The UK’s first Protector RG Mk1 RPAS aircraft has successfully completed its first flight after coming off the production line. The latest milestone in the UK Protector programme follows the announcement in July that the first three aircraft were being manufactured following the award by the Ministry of Defence (MOD) of a £65 million contract to General Atomics Aeronautical Systems Inc (GA-ASI). Protector is the british version of GA-ASI MQ-9B Sky Guardian, the latest Predator variant.
The aircraft took to the skies in the US on Friday, September 25, under the watchful eye of GA-ASI staff. Protector RG Mk1, which will replace the current Reaper Force when it is introduced to the front-line, is considered a step change in capability for the RAF. The cutting-edge platform will be capable of being flown anywhere in the world while being operated by personnel located at their home base at RAF Waddington, Lincolnshire where it will enter service by mid-2024.

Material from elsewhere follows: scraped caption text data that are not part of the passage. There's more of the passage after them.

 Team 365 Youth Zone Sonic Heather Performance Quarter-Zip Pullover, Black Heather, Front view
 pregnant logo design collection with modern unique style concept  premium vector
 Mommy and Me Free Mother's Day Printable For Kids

This aircraft is the fourth MQ-9B SkyGuardian® air vehicle (the first three MQ-9B air vehicles are company-owned assets supporting the certification qualification). The first Protector RPAS, known within GA-ASI as UK1, will be used to support system testing as part of a combined UK Ministry of Defence, U.S. Air Force and GA-ASI test team. Upon completion of this initial testing, UK1 will be delivered to the United Kingdom Ministry of Defence in the summer of 2021, but will remain in the USA to complete the Royal Air Force’s test and evaluation program.
This is the first of the three Protector aircraft currently on order, although the contract includes an option for the remaining 13 aircraft to complete the currently planned fleet of 16 aircraft that will more than double the capability currently provided by Reaper. Protector will have to meet stringent NATO and UK safety certification standards meaning it could operate in civilian airspace.

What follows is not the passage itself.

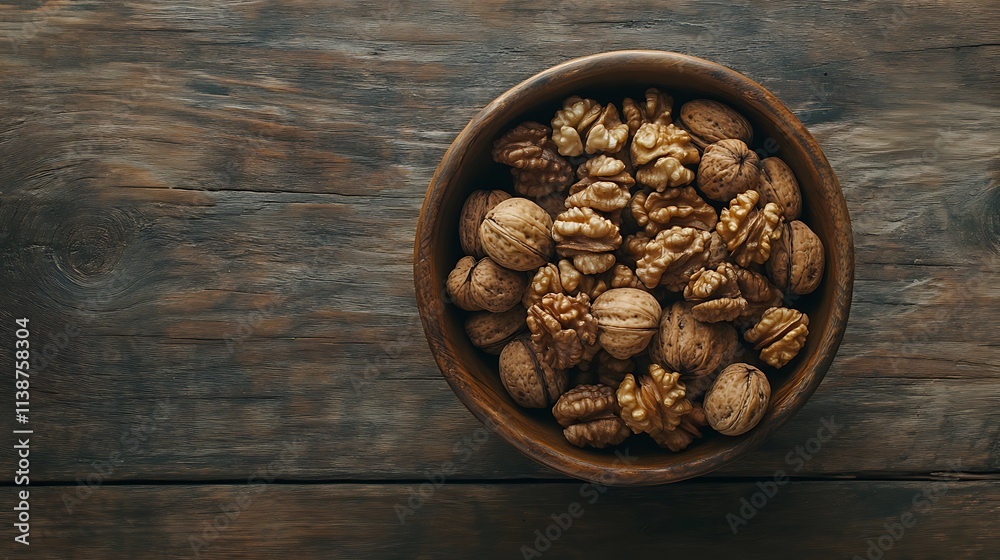 Rustic Bowl Filled Walnuts Top View Natural Food Shot image Rustic Bowl Filled Walnuts Top View Natural Food Shot image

The Protector aircraft so will replace Reaper drones widely used by the RAF in in Afghanistan, in the Middle East and most recently in Syria and Iraq providing reconnaissance, surveillance and strike capabilities against the Daesh group.
Protector will be deployed in wide-ranging Intelligence, Surveillance, Targeting and Reconnaissance (ISTAR) operations where its ability to fly consistently for up to 40 hours, offers the RAF vastly improved armed ISTAR capability. It would also be available, if requested, to support civilian agencies in the UK, for example in search and rescue and disaster response missions.
The aircraft will use enhanced data links and carry next-generation, low-collateral, precision strike weapons – the UK-made Brimstone missile (MBDA) and Paveway IV Laser Guided Bomb (Raytheon UK). The fleet will also have advanced anti-icing and lightning protection, providing the RAF with unprecedented flexibility to operate in adverse weather conditions. The first aircraft delivery to the RAF will be in 2023.
“It was exciting to see the first flight of MQ-9B in the Protector configuration,” said GA-ASI President David R. Alexander. “The Royal Air Force has been a great partner for GA-ASI for more than a decade. We’re thrilled to see this first customer aircraft completed and we look forward to delivering their Protector fleet and gaining more MQ-9B SkyGuardian customers in NATO and around the globe.”
MQ-9B Skyguardian and RAF Protector RG Mk.1
MQ-9B is GA-ASI’s most advanced RPAS. The RPAS is available as the SkyGuardian, the maritime SeaGuardian® (fitted with a multimode 360-degree field-of-regard Maritime Patrol Radar and optional sonobuoy capability) or, as with the UK Protector, in a special customer specified configuration. The first MQ-9B customer delivery will be to the UK, but the RPAS has also been selected by the Belgian Defense and Australian Defence Force, with significant interest from customers throughout the world.
“Protector will be deployed in wide-ranging Intelligence, Surveillance, Target Acquisition and Reconnaissance (ISTAR) operations where its ability to fly consistently for up to 40 hours will offer a vastly improved ISTAR capability. Given that it is designed to fly in non-segregated, civil airspace, the Protector RPAS will be able to respond rapidly and offer flexibility, delivering many types of military or civil authority support missions, including search and rescue,” said Group Captain Shaun Gee, the RAF’s Director Air ISTAR Programmes.
MQ-9B development began in 2014 as a company-funded program to deliver an RPAS to meet NATO’s stringent airworthiness type-certification standard (STANAG 4671). STANAG certification will enable SkyGuardian, SeaGuardian and other MQ-9B variants to operate in civil airspace and better perform border patrol, fire detection and firefighting support, maritime patrol, and resource monitoring missions.
MQ-9B is provisioned for the GA-ASI-developed Detect and Avoid System (DAAS) to enhance safety of operations in civil and military airspace. The MQ-9B is built for adverse-weather performance with lightning protection, a damage tolerant airframe, and a de-icing system.